Output the data below exactly, without images.

Provided entries: Begin

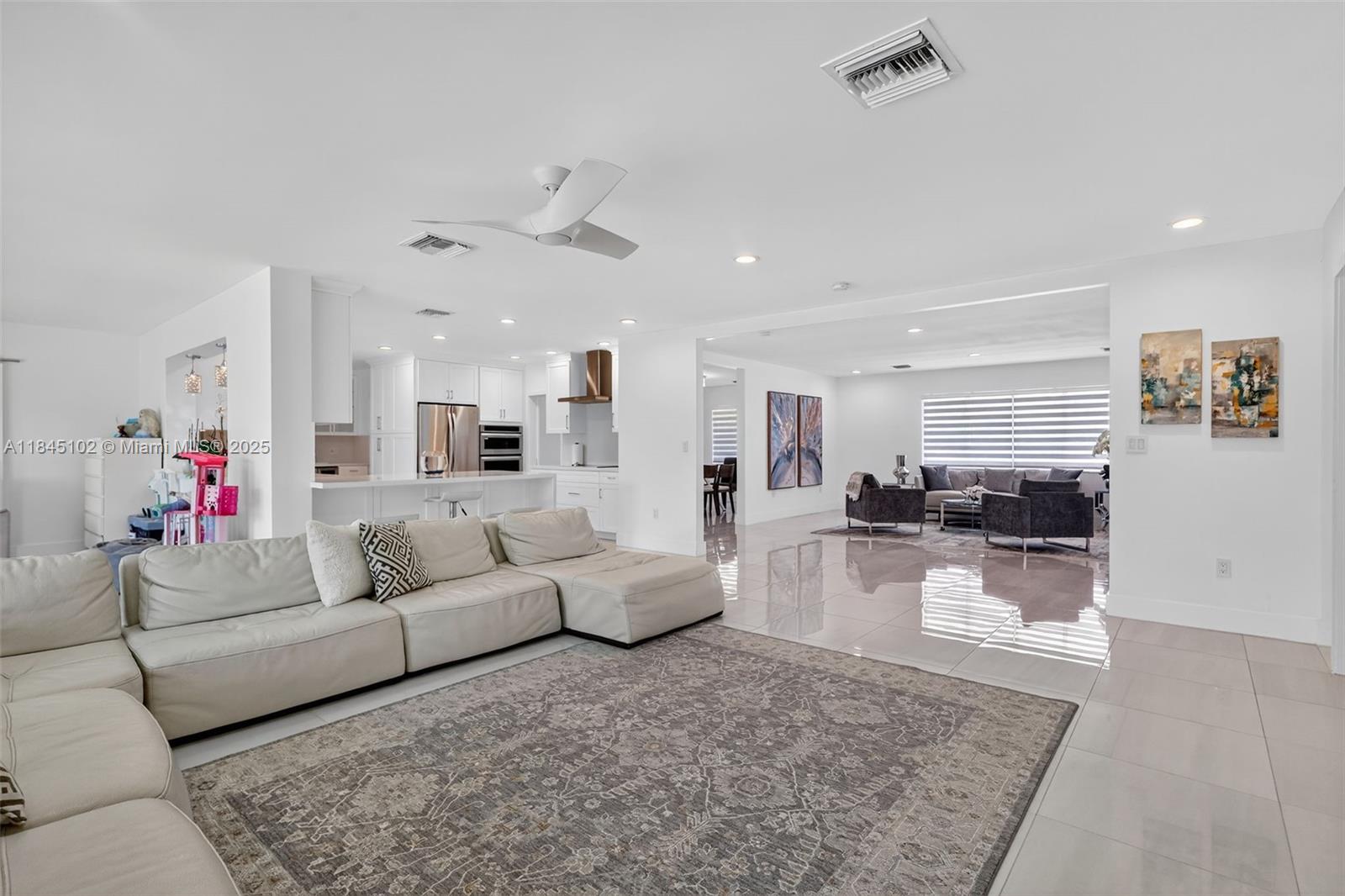 Palmetto Bay, Florida, 33158, United States, 4 Bedrooms Bedrooms, ,4 BathroomsBathrooms,Residential,For Sale,1900874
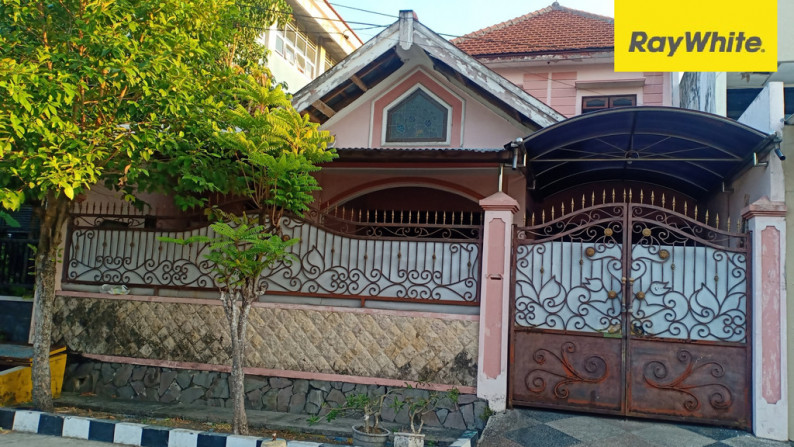 Rumah di Dukuh Kupang Timur, Surabaya Barat
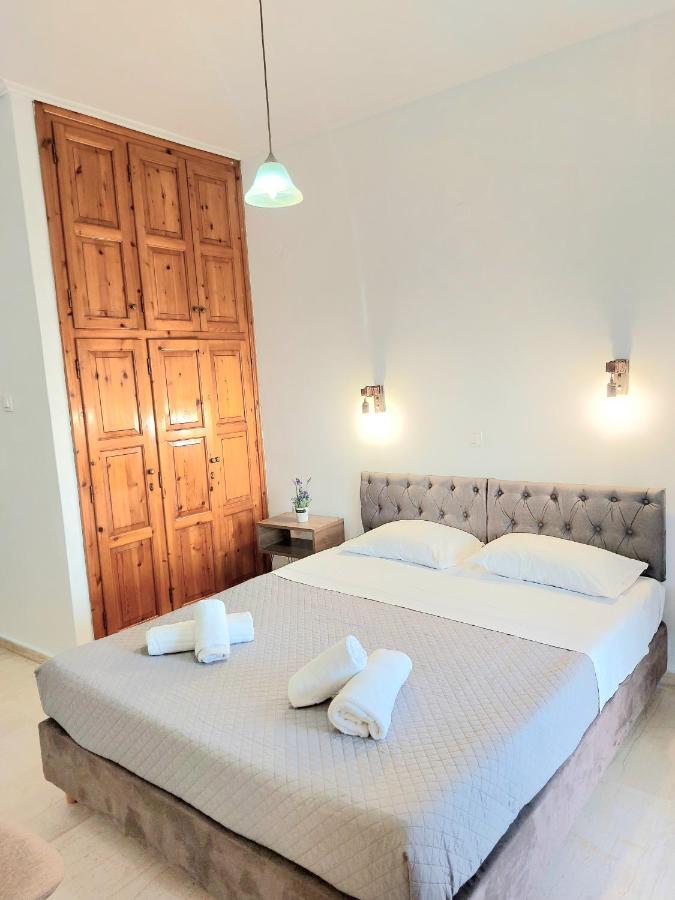 Athina Apartments Argási Eksteriør bilde
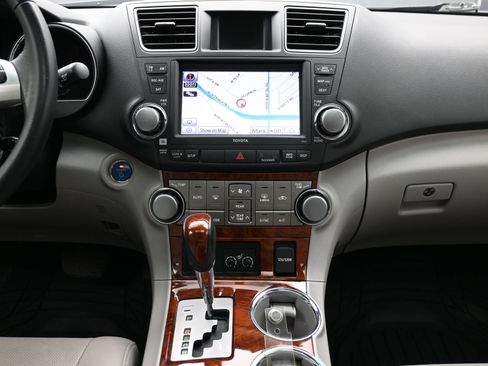 Used 2012 Toyota Highlander Limited image 17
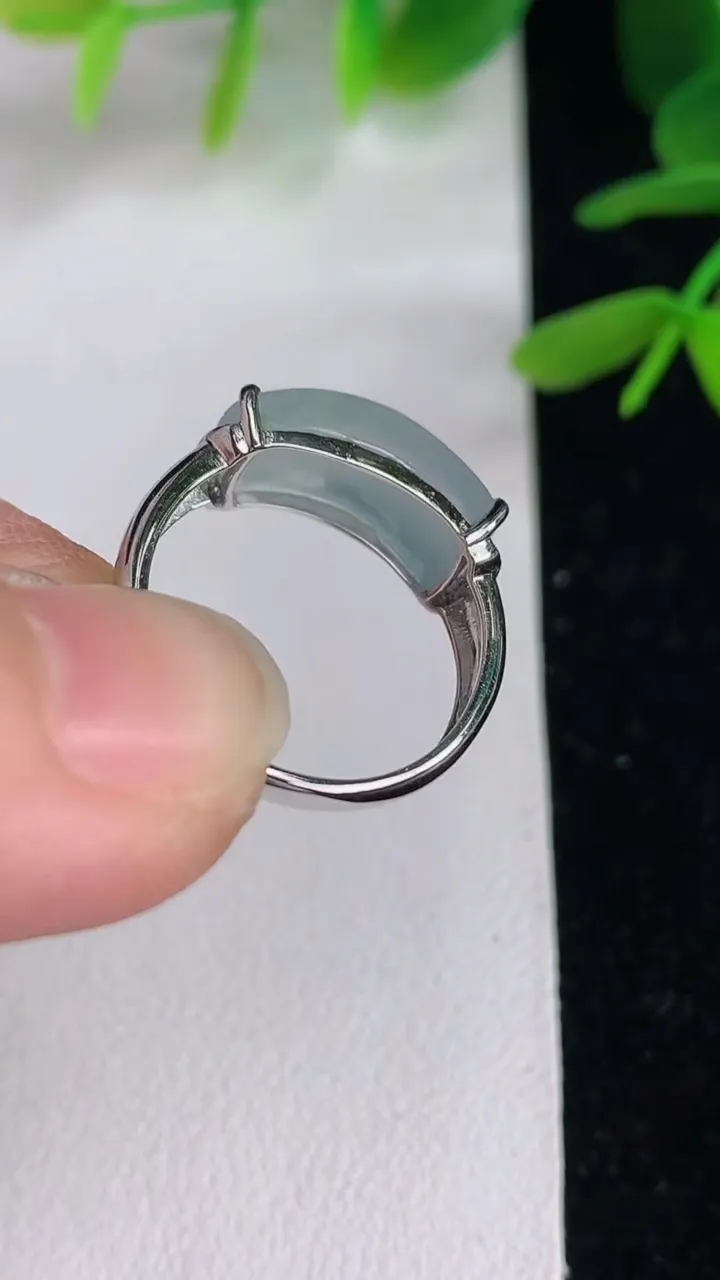 天然A货翡翠飘花马鞍戒指，尺寸18-6.8-15，重:3.00g2025年6月10日
工厂直销收藏佳品,种好水足，色泽均匀，有种有色，上手高大气！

Provided entries: End

▶ Result of this task
 Palmetto Bay, Florida, 33158, United States, 4 Bedrooms Bedrooms, ,4 BathroomsBathrooms,Residential,For Sale,1900874
 Rumah di Dukuh Kupang Timur, Surabaya Barat
 Athina Apartments Argási Eksteriør bilde
 Used 2012 Toyota Highlander Limited image 17
 天然A货翡翠飘花马鞍戒指，尺寸18-6.8-15，重:3.00g2025年6月10日
工厂直销收藏佳品,种好水足，色泽均匀，有种有色，上手高大气！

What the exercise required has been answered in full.